Alberto Fernandez speaks in Buenos Aires, Argentina, August 11 2019. Picture: REUTERS/Agustin Marcarian
Alberto Fernandez speaks in Buenos Aires, Argentina, August 11 2019. Picture: REUTERS/Agustin Marcarian

Buenos Aires — Argentina’s peso fell by the most in almost two weeks on Tuesday after opposition leader Alberto Fernandez criticised an accord with the International Monetary Fund (IMF), saying it had failed to meet any of its objectives.

Argentina assets are extending three days of drops after Fernandez said much of the IMF loan had been wasted on financing capital flight out of the country.

Fernandez’s landslide victory in a primary election earlier in August  dealt a severe blow to President Mauricio Macri’s re-election chances.

The peso fell 1.1%, while Argentinian stocks extended three days of losses, and bond spreads over Treasuries widened 139 basis points.

The decline in the peso could have been worse if the central bank had not sold $250m  into the market, according to people with knowledge of the matter.

IMF visit

A technical team from the IMF is in Buenos Aires to decide whether it gives out the next disbursement of its $56bn loan deal. In a statement following a meeting with IMF officials, Fernandez said he agreed with the objectives of the IMF deal, but added that the IMF and the current government generated the crisis and are responsible for reversing the “social catastrophe”.

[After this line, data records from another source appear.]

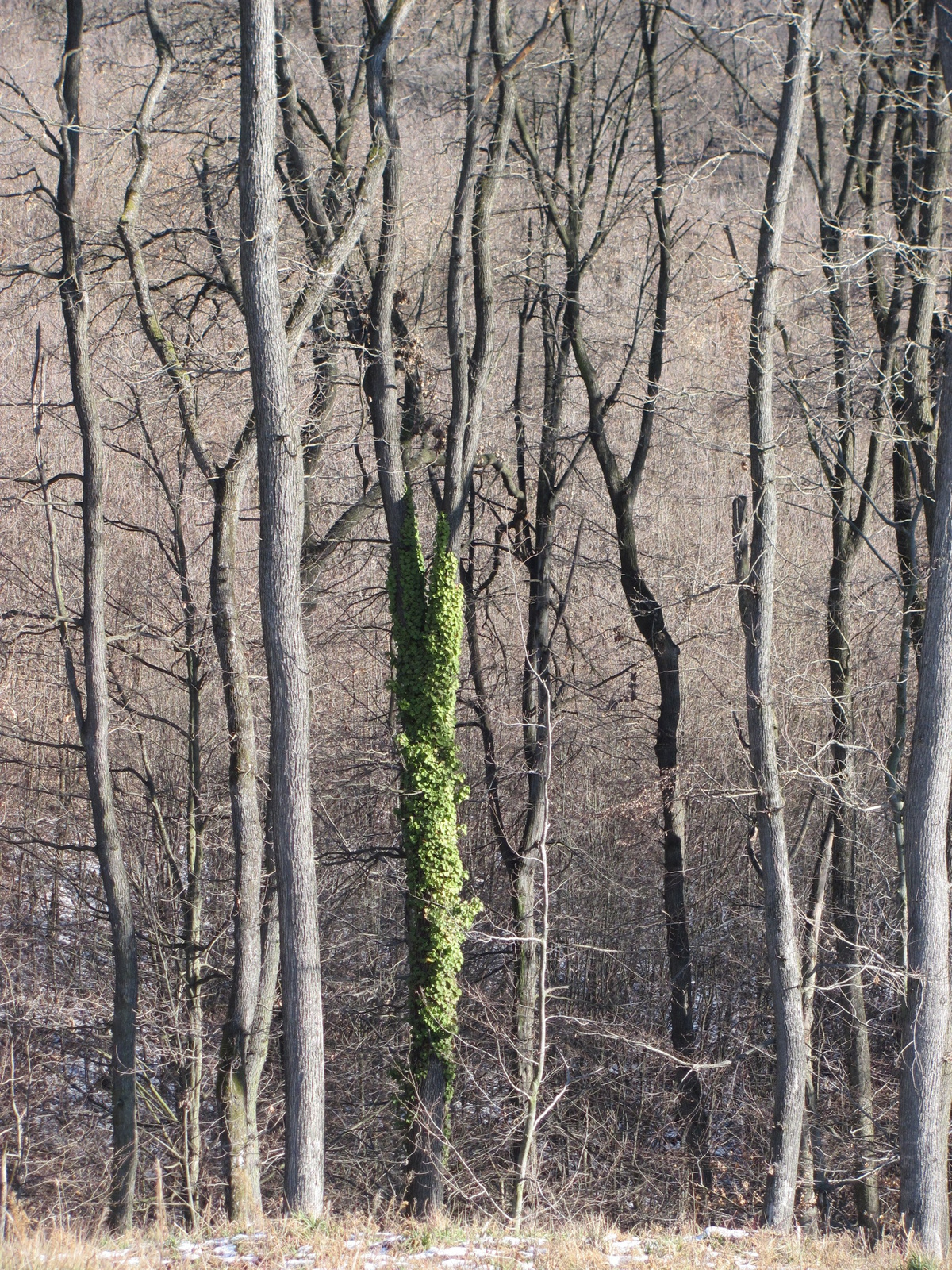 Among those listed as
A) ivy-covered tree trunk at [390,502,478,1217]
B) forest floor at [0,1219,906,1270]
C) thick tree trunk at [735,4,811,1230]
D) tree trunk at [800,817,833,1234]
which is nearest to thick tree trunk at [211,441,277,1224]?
ivy-covered tree trunk at [390,502,478,1217]

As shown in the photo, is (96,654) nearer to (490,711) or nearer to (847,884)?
(490,711)

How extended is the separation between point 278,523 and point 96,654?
11.6ft

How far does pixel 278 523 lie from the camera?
10.1m

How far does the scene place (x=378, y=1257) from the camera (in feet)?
21.2

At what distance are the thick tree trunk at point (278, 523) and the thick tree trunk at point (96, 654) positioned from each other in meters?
2.56

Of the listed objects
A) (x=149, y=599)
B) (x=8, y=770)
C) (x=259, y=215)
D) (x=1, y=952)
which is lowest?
(x=1, y=952)

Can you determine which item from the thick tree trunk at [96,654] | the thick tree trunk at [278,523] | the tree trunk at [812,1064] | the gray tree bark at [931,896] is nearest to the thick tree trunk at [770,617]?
the tree trunk at [812,1064]

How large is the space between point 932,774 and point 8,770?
15468mm

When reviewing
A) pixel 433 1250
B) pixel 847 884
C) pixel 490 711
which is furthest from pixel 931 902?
pixel 490 711

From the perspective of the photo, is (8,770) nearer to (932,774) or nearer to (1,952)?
→ (1,952)

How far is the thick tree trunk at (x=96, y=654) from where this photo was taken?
37.9 ft

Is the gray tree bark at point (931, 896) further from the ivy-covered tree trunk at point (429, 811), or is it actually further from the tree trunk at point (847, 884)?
the ivy-covered tree trunk at point (429, 811)

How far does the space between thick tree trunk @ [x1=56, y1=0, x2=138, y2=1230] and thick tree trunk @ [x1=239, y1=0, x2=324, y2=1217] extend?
8.41 ft

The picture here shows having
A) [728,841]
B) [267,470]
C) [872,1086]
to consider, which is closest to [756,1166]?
[872,1086] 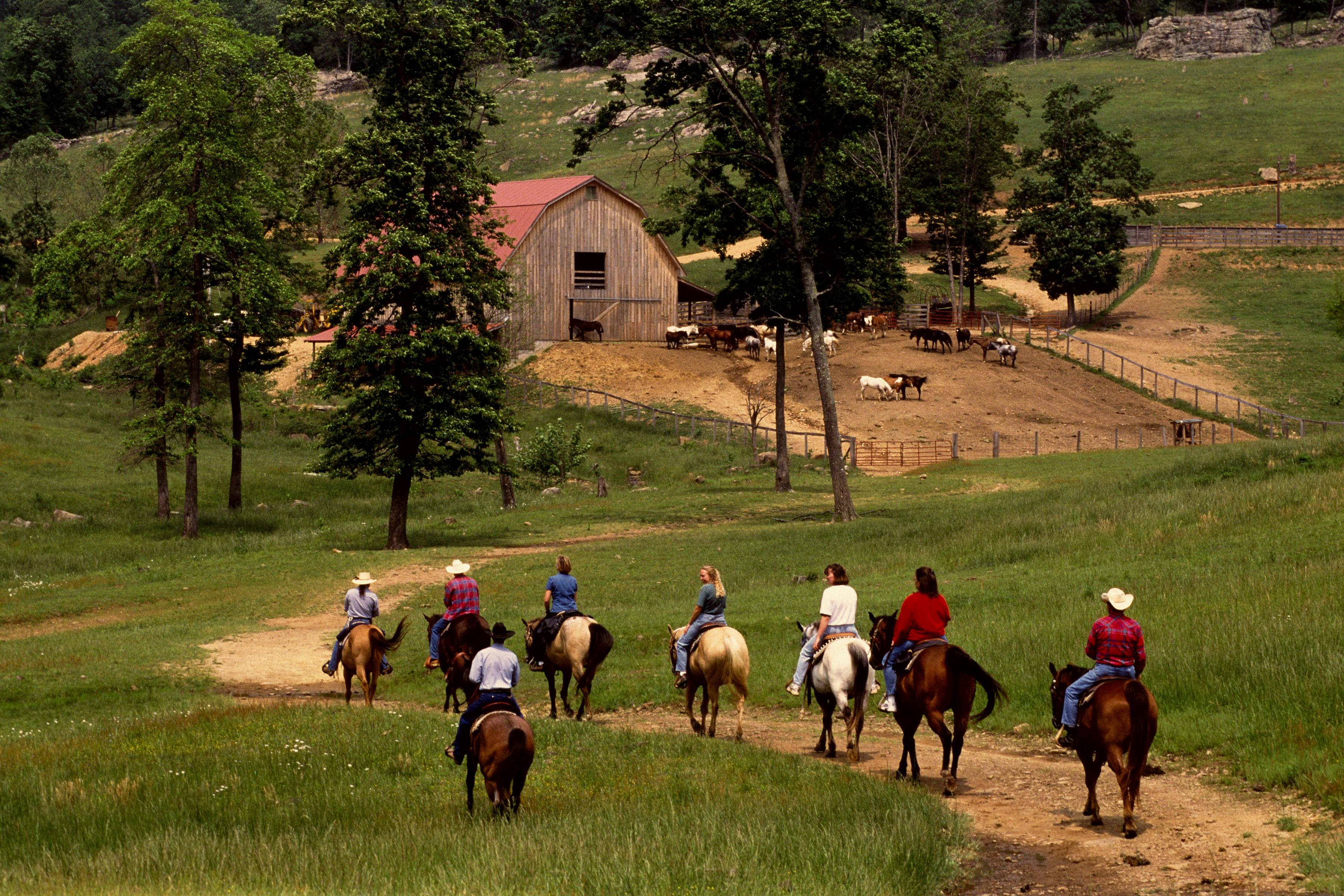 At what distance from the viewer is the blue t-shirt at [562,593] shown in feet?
64.8

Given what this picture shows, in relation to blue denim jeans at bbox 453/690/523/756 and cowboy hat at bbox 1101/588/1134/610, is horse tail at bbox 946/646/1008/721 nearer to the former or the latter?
cowboy hat at bbox 1101/588/1134/610

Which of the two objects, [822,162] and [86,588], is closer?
[86,588]

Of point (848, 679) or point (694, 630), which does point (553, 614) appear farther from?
point (848, 679)

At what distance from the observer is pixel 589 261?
7975 cm

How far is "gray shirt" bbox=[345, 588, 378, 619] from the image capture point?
21484 millimetres

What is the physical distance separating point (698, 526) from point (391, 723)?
25306 mm

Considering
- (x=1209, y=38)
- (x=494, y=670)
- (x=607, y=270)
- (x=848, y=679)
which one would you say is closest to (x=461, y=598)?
(x=848, y=679)

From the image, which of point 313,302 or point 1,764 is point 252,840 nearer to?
point 1,764

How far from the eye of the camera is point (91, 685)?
2409cm

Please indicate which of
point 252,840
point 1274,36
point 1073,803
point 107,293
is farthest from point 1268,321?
point 1274,36

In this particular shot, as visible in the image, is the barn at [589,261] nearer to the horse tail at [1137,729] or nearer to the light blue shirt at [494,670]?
the light blue shirt at [494,670]

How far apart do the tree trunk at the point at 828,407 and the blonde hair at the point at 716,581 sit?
23158mm

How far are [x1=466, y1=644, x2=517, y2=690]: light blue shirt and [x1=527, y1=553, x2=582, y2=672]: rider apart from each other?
6.08 meters

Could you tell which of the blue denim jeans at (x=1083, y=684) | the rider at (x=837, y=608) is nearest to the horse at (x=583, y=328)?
the rider at (x=837, y=608) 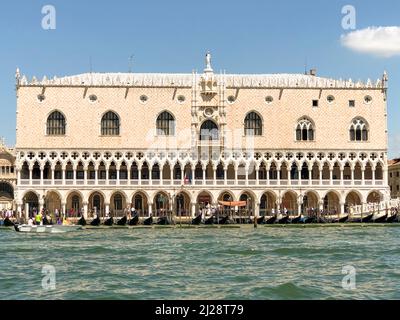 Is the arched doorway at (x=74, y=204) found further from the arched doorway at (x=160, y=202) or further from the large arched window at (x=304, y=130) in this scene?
the large arched window at (x=304, y=130)

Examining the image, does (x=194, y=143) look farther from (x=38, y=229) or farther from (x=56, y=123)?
(x=38, y=229)

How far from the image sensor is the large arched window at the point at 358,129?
1857 inches

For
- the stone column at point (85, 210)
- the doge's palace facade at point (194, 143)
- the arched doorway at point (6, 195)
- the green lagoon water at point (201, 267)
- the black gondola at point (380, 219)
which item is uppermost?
the doge's palace facade at point (194, 143)

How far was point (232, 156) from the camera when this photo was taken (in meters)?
46.1

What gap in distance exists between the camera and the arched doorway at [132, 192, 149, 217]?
153 feet

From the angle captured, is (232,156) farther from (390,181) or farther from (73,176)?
(390,181)

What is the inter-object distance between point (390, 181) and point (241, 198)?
22.7m

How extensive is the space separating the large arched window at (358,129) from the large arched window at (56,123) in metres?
19.4

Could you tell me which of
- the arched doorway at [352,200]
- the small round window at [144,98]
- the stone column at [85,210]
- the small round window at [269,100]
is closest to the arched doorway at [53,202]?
the stone column at [85,210]

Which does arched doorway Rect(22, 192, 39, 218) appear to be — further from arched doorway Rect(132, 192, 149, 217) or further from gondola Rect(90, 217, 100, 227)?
gondola Rect(90, 217, 100, 227)

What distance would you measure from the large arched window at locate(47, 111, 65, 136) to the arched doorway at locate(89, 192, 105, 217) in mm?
4746

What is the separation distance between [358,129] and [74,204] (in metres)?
19.8

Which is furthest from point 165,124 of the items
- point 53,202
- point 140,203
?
point 53,202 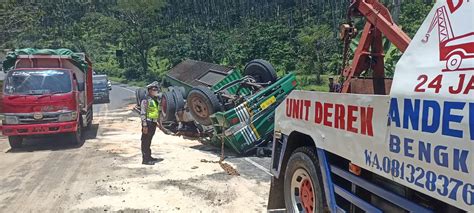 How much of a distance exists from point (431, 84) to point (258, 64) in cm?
962

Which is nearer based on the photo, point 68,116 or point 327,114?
point 327,114

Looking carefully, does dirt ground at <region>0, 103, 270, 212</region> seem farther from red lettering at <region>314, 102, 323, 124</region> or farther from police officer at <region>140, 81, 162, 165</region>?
red lettering at <region>314, 102, 323, 124</region>

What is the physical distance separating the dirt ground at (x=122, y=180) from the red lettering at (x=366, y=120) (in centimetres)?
326

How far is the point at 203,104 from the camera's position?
433 inches

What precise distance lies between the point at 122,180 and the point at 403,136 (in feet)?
Answer: 19.9

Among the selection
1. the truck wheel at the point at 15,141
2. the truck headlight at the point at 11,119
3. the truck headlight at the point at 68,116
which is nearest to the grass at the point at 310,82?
the truck headlight at the point at 68,116

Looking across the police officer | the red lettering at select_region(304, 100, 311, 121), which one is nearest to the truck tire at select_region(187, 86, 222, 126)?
the police officer

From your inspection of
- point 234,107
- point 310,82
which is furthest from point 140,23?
point 234,107

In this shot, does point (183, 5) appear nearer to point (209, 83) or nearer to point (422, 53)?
point (209, 83)

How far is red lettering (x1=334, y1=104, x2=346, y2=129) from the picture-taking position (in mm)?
3568

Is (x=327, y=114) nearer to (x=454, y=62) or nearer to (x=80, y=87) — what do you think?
(x=454, y=62)

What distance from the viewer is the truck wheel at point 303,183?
13.9 ft

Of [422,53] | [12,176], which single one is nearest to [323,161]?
[422,53]

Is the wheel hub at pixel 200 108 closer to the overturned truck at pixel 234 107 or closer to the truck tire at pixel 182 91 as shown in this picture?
the overturned truck at pixel 234 107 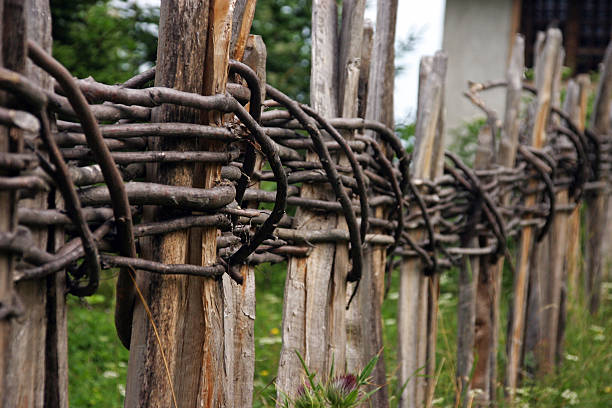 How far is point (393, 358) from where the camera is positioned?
13.1 ft

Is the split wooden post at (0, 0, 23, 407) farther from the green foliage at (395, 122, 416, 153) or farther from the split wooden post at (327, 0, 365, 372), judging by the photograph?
the green foliage at (395, 122, 416, 153)

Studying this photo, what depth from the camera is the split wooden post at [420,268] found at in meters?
2.72

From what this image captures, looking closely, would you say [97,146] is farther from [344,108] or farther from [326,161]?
[344,108]

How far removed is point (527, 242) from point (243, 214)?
243 cm

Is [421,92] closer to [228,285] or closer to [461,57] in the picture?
[228,285]

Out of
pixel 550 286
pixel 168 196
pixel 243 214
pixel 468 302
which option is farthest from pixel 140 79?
pixel 550 286

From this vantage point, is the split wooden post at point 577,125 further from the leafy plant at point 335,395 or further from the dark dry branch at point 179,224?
the dark dry branch at point 179,224

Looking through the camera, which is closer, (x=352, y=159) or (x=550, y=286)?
(x=352, y=159)

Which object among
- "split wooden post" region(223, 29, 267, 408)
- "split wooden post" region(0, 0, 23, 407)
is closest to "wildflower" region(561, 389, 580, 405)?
"split wooden post" region(223, 29, 267, 408)

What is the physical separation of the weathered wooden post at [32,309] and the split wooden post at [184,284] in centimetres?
21

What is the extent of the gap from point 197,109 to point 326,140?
76 centimetres

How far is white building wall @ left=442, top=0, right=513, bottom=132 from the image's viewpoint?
404 inches

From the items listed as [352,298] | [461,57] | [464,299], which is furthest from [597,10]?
[352,298]

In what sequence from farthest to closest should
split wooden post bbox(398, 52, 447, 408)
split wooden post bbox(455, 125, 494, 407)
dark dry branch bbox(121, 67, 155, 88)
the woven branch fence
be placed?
split wooden post bbox(455, 125, 494, 407) < split wooden post bbox(398, 52, 447, 408) < dark dry branch bbox(121, 67, 155, 88) < the woven branch fence
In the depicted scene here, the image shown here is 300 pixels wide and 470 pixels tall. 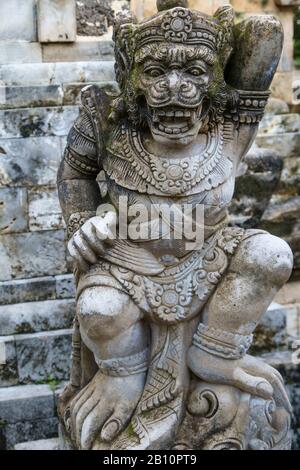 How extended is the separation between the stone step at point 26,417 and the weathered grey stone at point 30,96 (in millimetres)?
1849

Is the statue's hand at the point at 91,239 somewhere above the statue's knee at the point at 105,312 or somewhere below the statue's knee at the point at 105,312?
above

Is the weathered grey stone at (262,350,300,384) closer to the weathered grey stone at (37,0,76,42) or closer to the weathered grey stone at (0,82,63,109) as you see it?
the weathered grey stone at (0,82,63,109)

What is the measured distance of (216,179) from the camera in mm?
4004

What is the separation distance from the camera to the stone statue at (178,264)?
3.91 meters

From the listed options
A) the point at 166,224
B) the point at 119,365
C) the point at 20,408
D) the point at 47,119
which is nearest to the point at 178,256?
the point at 166,224

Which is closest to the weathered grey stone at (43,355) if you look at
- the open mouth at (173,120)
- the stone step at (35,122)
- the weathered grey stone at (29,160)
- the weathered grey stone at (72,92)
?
the weathered grey stone at (29,160)

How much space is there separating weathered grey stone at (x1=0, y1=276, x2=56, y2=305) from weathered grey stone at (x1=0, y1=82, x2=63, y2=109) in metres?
1.14

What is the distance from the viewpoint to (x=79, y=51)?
20.9 feet

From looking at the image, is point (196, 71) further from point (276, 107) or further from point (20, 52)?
point (276, 107)

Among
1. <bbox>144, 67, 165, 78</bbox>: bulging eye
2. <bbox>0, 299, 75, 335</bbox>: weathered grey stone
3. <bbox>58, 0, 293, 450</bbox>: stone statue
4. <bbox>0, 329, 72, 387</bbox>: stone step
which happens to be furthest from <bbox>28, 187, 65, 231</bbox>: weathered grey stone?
<bbox>144, 67, 165, 78</bbox>: bulging eye

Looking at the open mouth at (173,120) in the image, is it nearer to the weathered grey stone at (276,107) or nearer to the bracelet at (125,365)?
the bracelet at (125,365)

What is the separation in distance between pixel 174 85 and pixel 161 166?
36 centimetres

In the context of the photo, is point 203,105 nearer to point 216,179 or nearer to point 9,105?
point 216,179

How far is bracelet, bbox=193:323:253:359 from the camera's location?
3963 millimetres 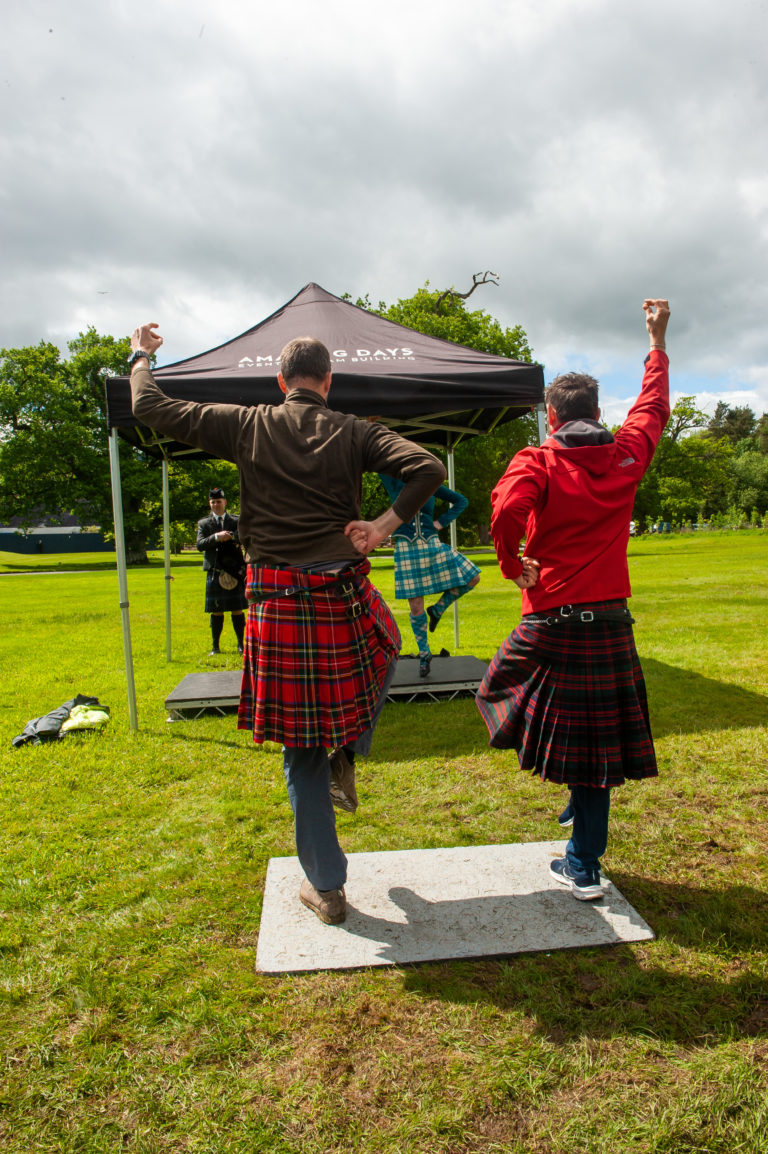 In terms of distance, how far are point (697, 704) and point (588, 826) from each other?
3187mm

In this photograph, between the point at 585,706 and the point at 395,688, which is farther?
the point at 395,688

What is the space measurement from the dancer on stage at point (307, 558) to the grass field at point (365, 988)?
21.5 inches

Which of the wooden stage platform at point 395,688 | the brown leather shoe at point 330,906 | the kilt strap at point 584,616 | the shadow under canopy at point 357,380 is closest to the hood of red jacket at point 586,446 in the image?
the kilt strap at point 584,616

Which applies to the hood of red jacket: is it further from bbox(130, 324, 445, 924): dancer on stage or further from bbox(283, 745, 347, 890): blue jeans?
bbox(283, 745, 347, 890): blue jeans

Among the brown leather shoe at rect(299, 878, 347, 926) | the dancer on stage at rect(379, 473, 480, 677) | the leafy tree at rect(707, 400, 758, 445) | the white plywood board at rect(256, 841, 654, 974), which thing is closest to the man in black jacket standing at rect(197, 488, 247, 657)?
the dancer on stage at rect(379, 473, 480, 677)

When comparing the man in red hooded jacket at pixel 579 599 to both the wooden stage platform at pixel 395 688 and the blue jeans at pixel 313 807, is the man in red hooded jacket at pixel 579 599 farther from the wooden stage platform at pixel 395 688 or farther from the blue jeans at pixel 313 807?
the wooden stage platform at pixel 395 688

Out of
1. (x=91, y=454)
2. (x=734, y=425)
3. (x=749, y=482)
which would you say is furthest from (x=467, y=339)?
(x=734, y=425)

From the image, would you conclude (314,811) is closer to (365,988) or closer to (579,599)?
(365,988)

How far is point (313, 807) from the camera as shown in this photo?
2.34 metres

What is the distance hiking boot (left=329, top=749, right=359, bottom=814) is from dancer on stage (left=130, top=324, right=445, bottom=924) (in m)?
0.31

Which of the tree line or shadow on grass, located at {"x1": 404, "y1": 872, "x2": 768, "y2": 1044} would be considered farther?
the tree line

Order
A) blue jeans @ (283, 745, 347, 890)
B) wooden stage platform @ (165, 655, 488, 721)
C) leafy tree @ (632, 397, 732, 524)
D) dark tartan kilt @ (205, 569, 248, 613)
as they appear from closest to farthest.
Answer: blue jeans @ (283, 745, 347, 890)
wooden stage platform @ (165, 655, 488, 721)
dark tartan kilt @ (205, 569, 248, 613)
leafy tree @ (632, 397, 732, 524)

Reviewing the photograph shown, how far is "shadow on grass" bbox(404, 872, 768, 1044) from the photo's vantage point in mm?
1976

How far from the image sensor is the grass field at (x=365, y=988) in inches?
66.5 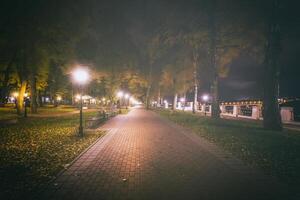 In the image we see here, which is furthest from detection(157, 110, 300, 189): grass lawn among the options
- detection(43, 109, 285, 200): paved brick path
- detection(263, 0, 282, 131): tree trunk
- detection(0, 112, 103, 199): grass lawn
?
detection(0, 112, 103, 199): grass lawn

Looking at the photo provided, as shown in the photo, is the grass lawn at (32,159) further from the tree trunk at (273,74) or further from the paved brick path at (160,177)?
the tree trunk at (273,74)

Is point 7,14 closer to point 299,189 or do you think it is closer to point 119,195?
point 119,195

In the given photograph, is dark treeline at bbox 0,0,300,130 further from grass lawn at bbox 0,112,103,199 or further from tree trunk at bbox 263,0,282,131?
grass lawn at bbox 0,112,103,199

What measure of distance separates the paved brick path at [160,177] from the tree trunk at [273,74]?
27.1ft

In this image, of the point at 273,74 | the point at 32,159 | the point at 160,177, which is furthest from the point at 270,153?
the point at 32,159

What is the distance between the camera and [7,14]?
78.5 ft

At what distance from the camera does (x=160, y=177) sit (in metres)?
6.51

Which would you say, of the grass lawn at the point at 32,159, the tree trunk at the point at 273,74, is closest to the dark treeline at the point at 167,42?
the tree trunk at the point at 273,74

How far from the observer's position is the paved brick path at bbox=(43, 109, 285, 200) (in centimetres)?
541

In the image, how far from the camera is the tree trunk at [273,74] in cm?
1542

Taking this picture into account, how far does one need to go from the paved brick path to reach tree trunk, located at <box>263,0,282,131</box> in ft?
27.1

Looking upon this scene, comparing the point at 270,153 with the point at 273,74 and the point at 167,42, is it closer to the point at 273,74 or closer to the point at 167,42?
the point at 273,74

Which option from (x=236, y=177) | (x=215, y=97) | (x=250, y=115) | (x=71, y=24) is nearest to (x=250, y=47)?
(x=215, y=97)

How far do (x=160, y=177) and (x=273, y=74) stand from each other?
12.8m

“Alberto Fernandez’s statements after the IMF meeting created noise,” said Joaquin Gonzalez Gale, FX trader at INTL FCStone in Buenos Aires. “Today, anything he says is blown out of proportion.”

If the IMF decides to give the next disbursement, that would reassure the market and lead the interest rate on short-term dollar notes known as Letes to drop sharply, Gonzalez Gale said. Until then, traders worry about what the contingency plan might be.

“The problem is now banks are wondering what will happen if the Treasury doesn’t receive these dollars” from the IMF, he said.

The government is selling 35-day and 140-day Letes on Tuesday, as well as 35-day peso-denominated Lecaps on August 28.